Mais ce n’est pas la seule fantaisie des euro-délirants. On envisage de plus en plus la mise en place d’une agence publique européenne de notation. Bien sûr, cette heureuse trouvaille est « vendue » aux citoyens des peuples européens comme la meilleure façon de lutter contre les trois agences de « rating » d’inspiration anglo-saxonne Standard & Poor’s (S&P), Moody’s et Fitch, qui effectivement jouent un rôle absolument délétère dans la crise des dettes souveraines des Nations du Vieux Continent.
La grande rigolade ne s’arrête pas là puisque les euro-sociopathes évoquent également la création d’un ministère des finances européennes, qui serait comme son nom l’indique doté d’un ministre, dont on peut aisément imaginer qu’il serait à peu près aussi utile, charismatique et au service des peuples européens que peuvent l’être Catherine Ashton et Herman Van Rompuy...
Autre piste envisagée : la mise en place d’eurobonds (euro-obligations). Archétype de la fausse bonne idée. Un eurobond consiste en réalité à mutualiser la dette des États défaillants avec celle des États solvables. Le but est tout simplement de mélanger ces différentes dettes et de vendre ce nouveau produit à des investisseurs.
Un vague petit air de Credit default swaps (CDS) cette petite merveille, n’est-il pas ?
Clou du spectacle : organiser une dévaluation de l’euro ! C’est à ce genre de propositions que l’on observe aisément que les eurocrates changent les règles du jeu en cours de partie dès que celle-ci semble être perdue en n’hésitant pas notamment à s’asseoir sur les traités ratifiés. Traités très régulièrement rejetés par les peuples européens au passage...
L’exemple le plus frappant illustrant ce type de comportement est celui de la Banque centrale européenne (BCE) s’autorisant le 10 mai 2010 à acheter les obligations souveraines des pays de la zone euro. Ce qui consiste à fournir de l’argent aux gouvernements qui en sollicitent. Jusqu’alors ses statuts l’interdisaient. L’argument mis en avant était d’empêcher une augmentation de la masse monétaire qui provoquerait une poussée inflationniste.

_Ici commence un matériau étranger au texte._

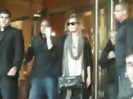 Demi Lovato Saludando en el hotel Radisson Uruguay 29_04_12 0208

Mais les euro-fédéralistes ne s’embarrassent pas de ce genre de détails.
Comme on peut donc le voir, il n’est absolument pas garanti que cette crise constitue le coup de grâce pour les apparatchiks et les bureaucrates de l’UE, elle peut s’avérer au contraire être un formidable tremplin qui leur permettra d’aller encore un peu plus loin dans leur folie.
Le pacte de compétitivité Sarkozy-Merkel est d’ailleurs la première pierre de ce nouvel édifice babelien.

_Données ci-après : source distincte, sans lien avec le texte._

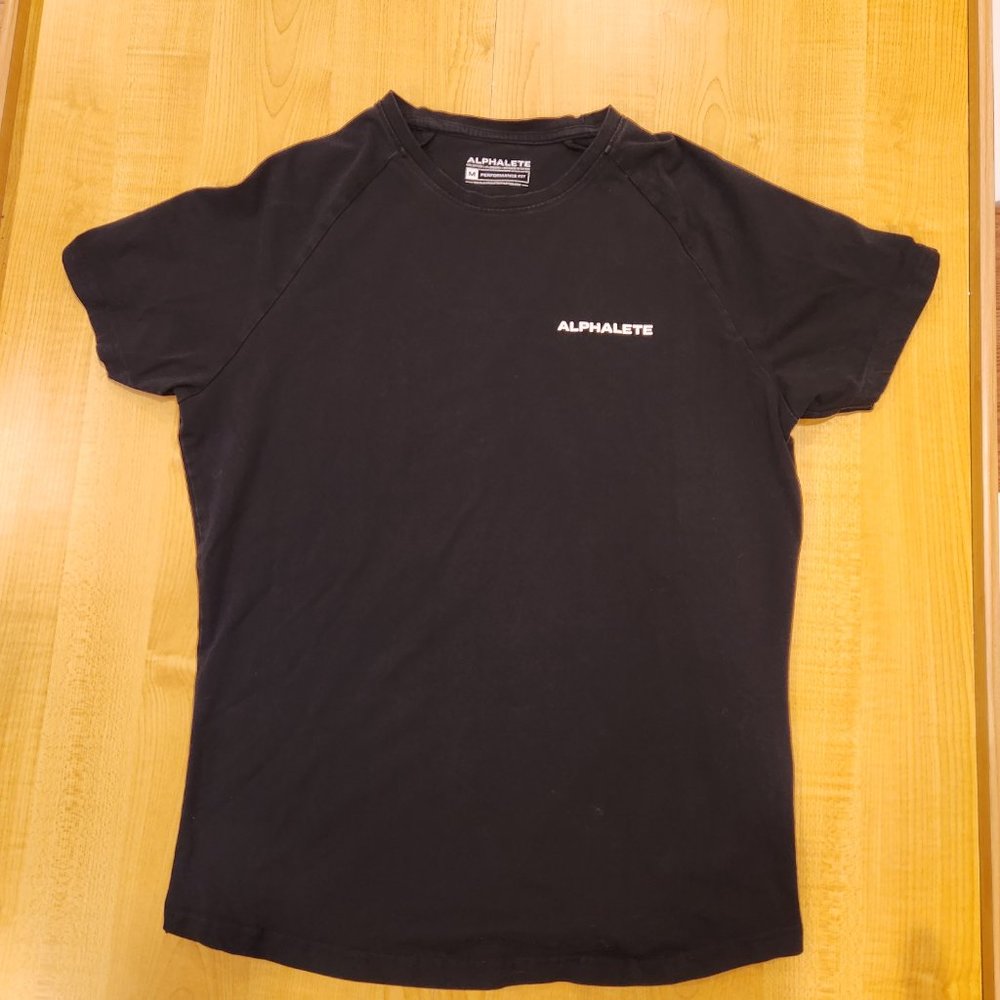 ALPHALETE PERFORMANCE FIT Black Graphic Short Sleeve Workout Tee (Size: Medium)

Pendant ce temps, les authentiques Européens (rien à voir avec la nomenklatura européiste), qui rêvent de voir un jour une Europe allant de Brest à Vladivostok qui serait respectueuse des spécificités des peuples et des souverainetés nationales (cela n’est absolument pas contradictoire ou en tout cas cela ne devrait pas l’être !), risquent (peut-être) de n’avoir que leurs yeux pour pleurer.
(1) Conseil de lecture : le blog de l’ineffable Jean Quatremer, hébergé par Libération, qui traite de l’actualité de l’UE. Entre deux articles consacrés à fustiger ses têtes de turcs favorites Angela Merkel, Jean-Luc Mélenchon, Bart de Wever et Nouriel Roubini, ce petit télégraphiste recrache fidèlement les mots d’ordre de ces maîtres bruxello-maastrichtiens. Très instructif.

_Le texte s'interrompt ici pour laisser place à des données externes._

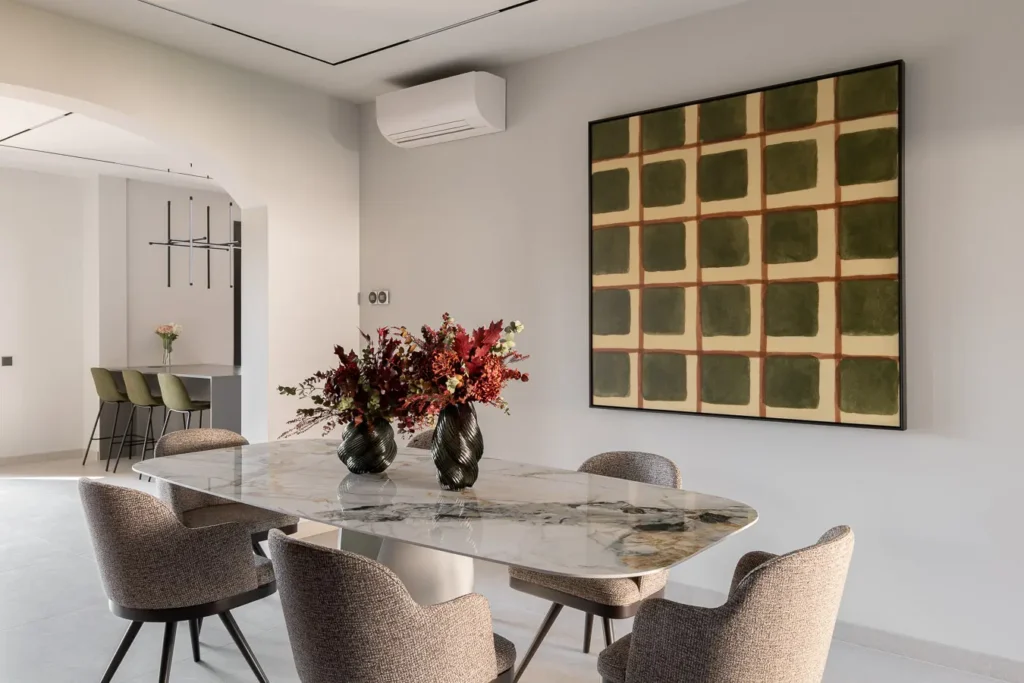 vista lateral del comedor con estanteria de diseno y pared gris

(2) Lors de l’Université populaire participative organisée par Ségolène Royal à Rueil-Malmaison, Jacques Attali a reconnu que leur Europe n’avance que par des crises se succédant les unes aux autres, des manipulations, des coups tordus, des mensonges et la politique du « fait accompli ». Solidarité et Progrès dans un article intitulé « Quand un rédacteur du traité de Maastricht reconnaît le caractère totalitaire des traités européens » a reproduit un extrait de cette intervention.